* _What the exercise asks_: Using the records below, output the stretch that opens with the line containing "groom getting ready at christmas farm inn" and closes with the line containing "Svart Adidas sweatshirt", exactly and including both lines, with nothing more.
Data supplied Start Marker
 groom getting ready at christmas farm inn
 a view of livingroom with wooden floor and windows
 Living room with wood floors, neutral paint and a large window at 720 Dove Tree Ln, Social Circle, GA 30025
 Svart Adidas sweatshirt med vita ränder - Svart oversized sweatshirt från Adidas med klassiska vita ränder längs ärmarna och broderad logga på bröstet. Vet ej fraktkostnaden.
Data supplied End Marker
Data supplied Start Marker
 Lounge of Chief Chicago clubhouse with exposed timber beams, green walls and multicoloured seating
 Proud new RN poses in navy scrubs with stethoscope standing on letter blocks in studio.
Data supplied End Marker
* _Solution to this problem_:
 groom getting ready at christmas farm inn
 a view of livingroom with wooden floor and windows
 Living room with wood floors, neutral paint and a large window at 720 Dove Tree Ln, Social Circle, GA 30025
 Svart Adidas sweatshirt med vita ränder - Svart oversized sweatshirt från Adidas med klassiska vita ränder längs ärmarna och broderad logga på bröstet. Vet ej fraktkostnaden.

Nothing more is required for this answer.